**EXERCISE MATERIALS**
• • • •
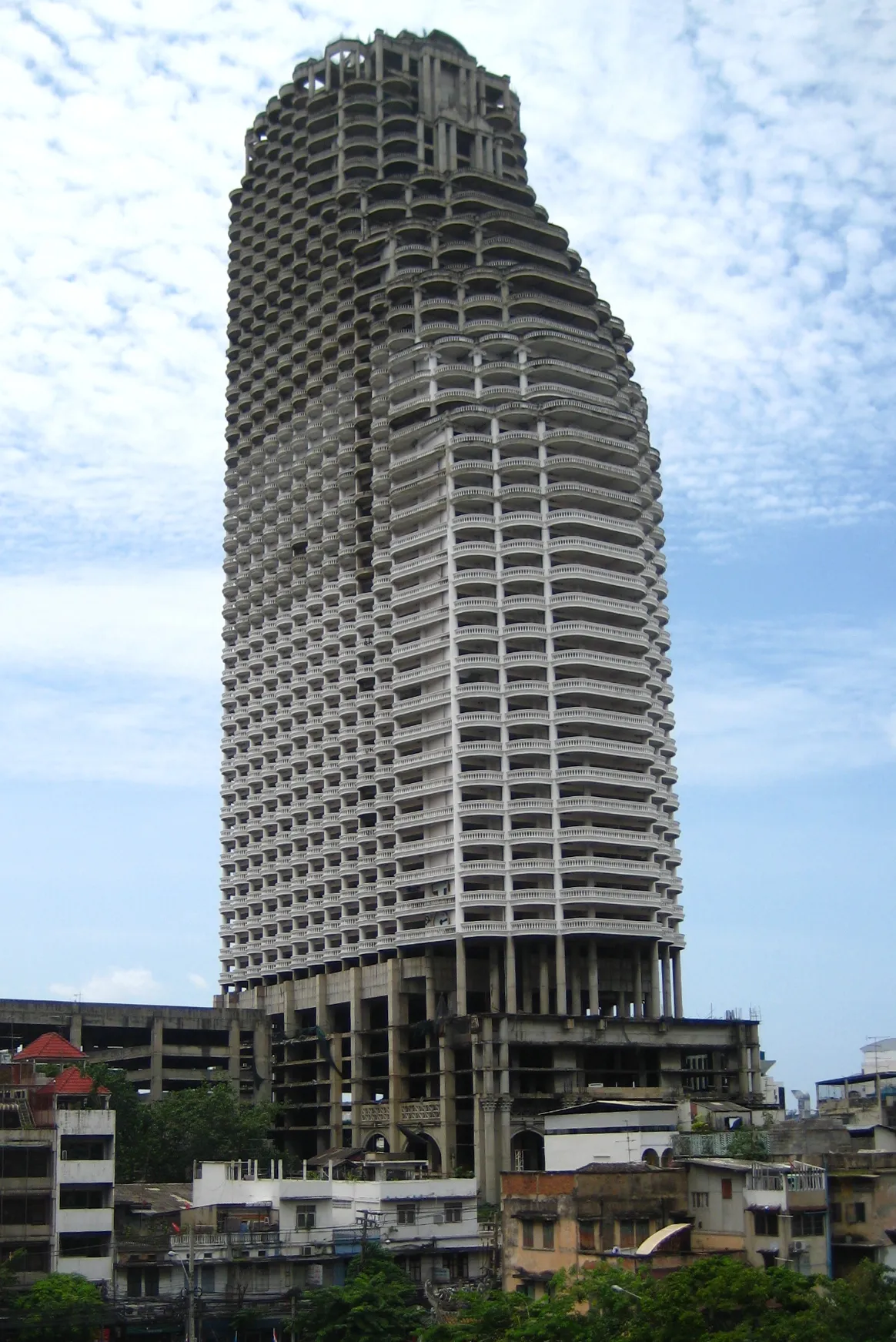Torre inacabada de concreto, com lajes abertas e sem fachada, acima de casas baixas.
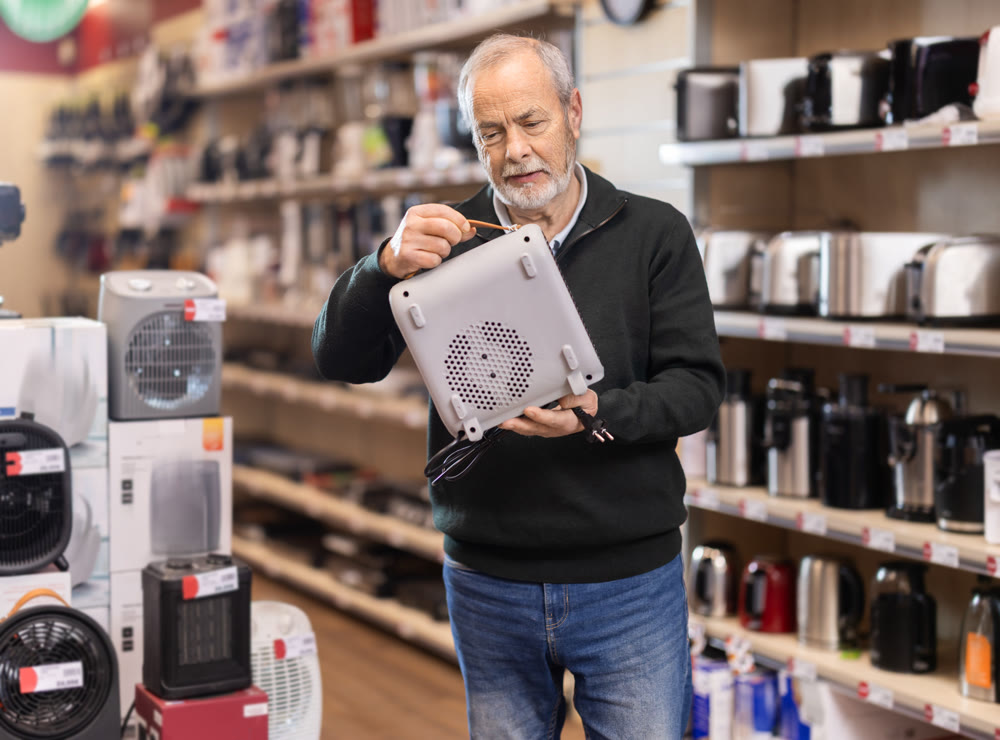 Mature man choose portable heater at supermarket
• • • •
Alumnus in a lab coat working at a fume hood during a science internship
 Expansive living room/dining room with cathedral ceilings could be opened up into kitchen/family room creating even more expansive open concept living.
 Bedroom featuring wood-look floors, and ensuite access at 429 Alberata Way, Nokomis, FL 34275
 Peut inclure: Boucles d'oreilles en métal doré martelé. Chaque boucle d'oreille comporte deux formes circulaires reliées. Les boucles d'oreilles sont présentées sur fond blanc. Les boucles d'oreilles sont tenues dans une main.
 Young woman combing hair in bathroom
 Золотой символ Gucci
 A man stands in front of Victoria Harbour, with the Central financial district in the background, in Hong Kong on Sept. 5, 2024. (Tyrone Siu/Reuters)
• • • •
**HOW TO COMPLETE THIS TASK**
Nothing outside the stretch above, from the line with "Torre inacabada de" through the line with "Mature man choose", is set down. Transcribe that stretch exactly, ends included, but not its pictures.

**SOLUTION BELOW**
Torre inacabada de concreto, com lajes abertas e sem fachada, acima de casas baixas.
 Mature man choose portable heater at supermarket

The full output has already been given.